Sobre los colores del averno

La Universidad Nacional de General San Martín publicó un libro sobre la dimensión material, los usos y funciones, el contexto de producción y los modelos iconográficos en la representación del infierno del arte colonial andino.

› Por Gabriela Siracusano *

“Ay de nosotros, por qué hemos pecado, los arrojarán al camino del fuego, allí habrá llanto y crujir de dientes, en el infierno no hay ninguna redención.” Esta frase admonitoria, en la que se combinan las lamentaciones del profeta Jeremías con las advertencias de Mateo y Lucas, se extiende a lo largo del límite superior del registro medio del cuadro correspondiente a la representación del “Infierno de la Serie de las Postrimerías”, ejecutada por José López de los Ríos en 1684 para la iglesia de Carabuco (Bolivia). En dicho cuadro, almas sufrientes y pecadoras con gestos retorcidos de dolor son torturadas por demonios y seres monstruosos, desgarradas y abrasadas por las llamas en una larga espera que culmina en las fauces del Leviatán, la “gran boca abierta” que engulle tanto a indios como a españoles. Los motivos de semejante destino no están ausentes del lienzo. Su registro superior así nos lo demuestra: abrir los oídos a las palabras del demonio mientras se desoían aquellas expresadas en el sermón o en el momento de la confesión, o abandonarse a los placeres del canto, la bebida y el ocio, eran causa suficiente para que, llegado el momento de la muerte, el alma fuera sustraída por las garras del mal y arrojada a los infiernos.

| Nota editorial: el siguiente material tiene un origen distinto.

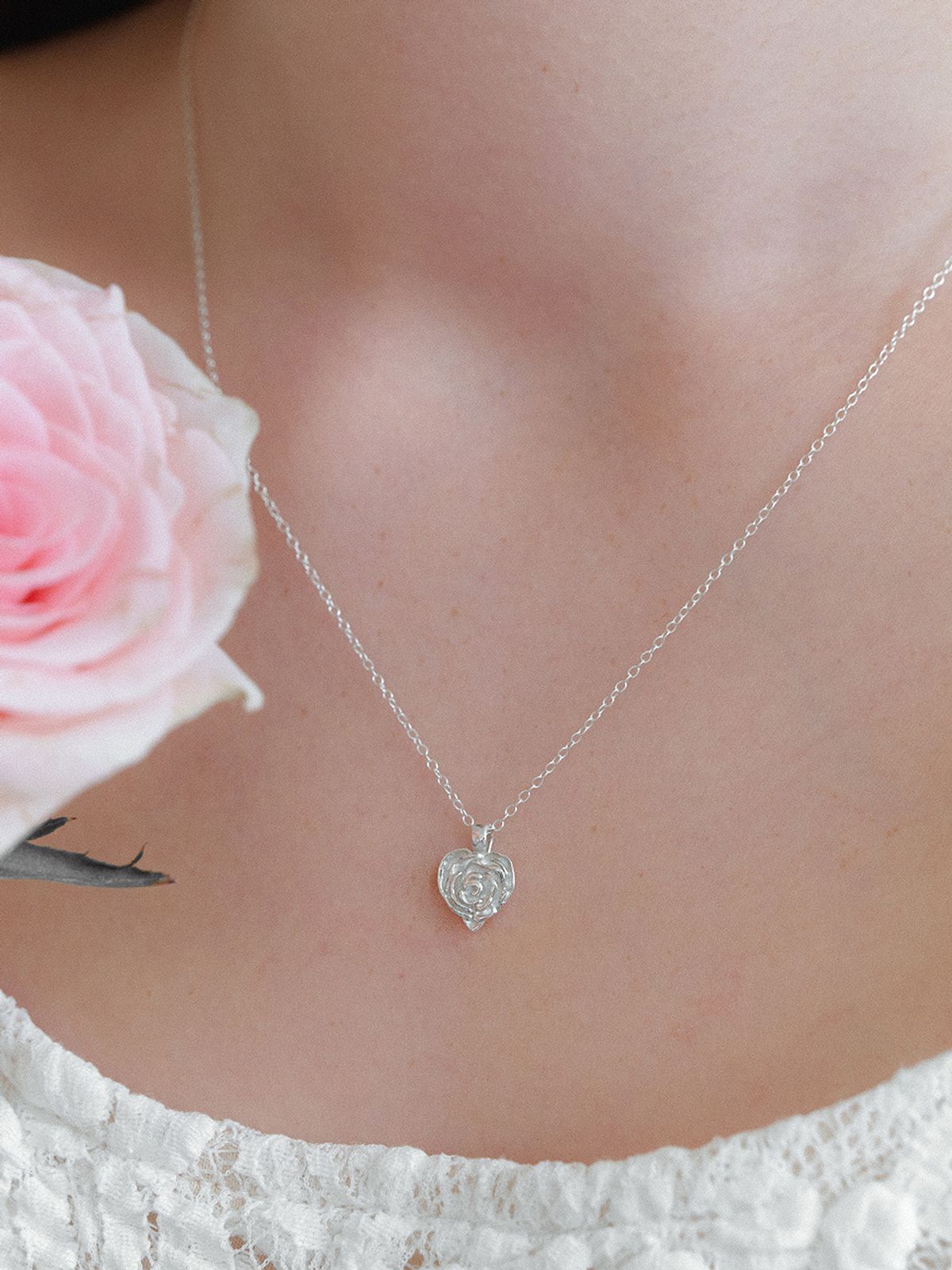 리엔느와르(leeENoir) Heart Rose Necklace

Pero José López de los Ríos aprovecha este registro para situar en el centro del mismo tal vez el motivo más relevante, tomando en cuenta a quiénes estaba dedicada dicha admonición y aquello que era el argumento más contundente: la fiesta idolátrica. El pintor no sólo centra esta escena en la composición, sino que es por ella que produce plásticamente una vía directa entre el mundo de la vida engañosa, errada, y aquel de las penas y la tortura: la frase “Mittent eos in caminum ignis”, que alude a ser arrojado al camino del infierno, es pintada como “Mittenteosinca minum ignis”. El hiato producido en la palabra caminum es ocupado por un sinuoso hálito blanquecino que bien puede interpretarse como la exhalación del ser monstruoso con cara de perro que engulle a la Pereza o como el alma misma de los pecadores del registro superior que fluye, simbólicamente, hacia su fatal destino. Una asociación palabra-imagen que funciona como un recurso deíctico que señala, marca y orienta nuestra atención. Las razones son contundentes: allí están una pareja de indígenas –nótese el tupo– brindando con un par de queros con un demonio vestido con “ropa de la tierra”, otra pareja de músicos también con ropas indígenas y sombrero con plumas cantando y tocando antara y cajas, y una última con lliclla, tupu y cumbi, danzando. La síntesis resulta adecuada: chicha, música y baile representan la fiesta, aquella fiesta de gentilidad de la que los testimonios escritos nos hablaban. A tal punto López de los Ríos se esmeró en precisar y distinguir cada uno de estos signos que no dudó en realizar un arrepentimiento en uno de los músicos con cuernos, eliminando el instrumento de cuerdas –¿vihuela o guitarra?– que tañía y cambiándolo por una caja, más acorde con las prácticas musicales nativas.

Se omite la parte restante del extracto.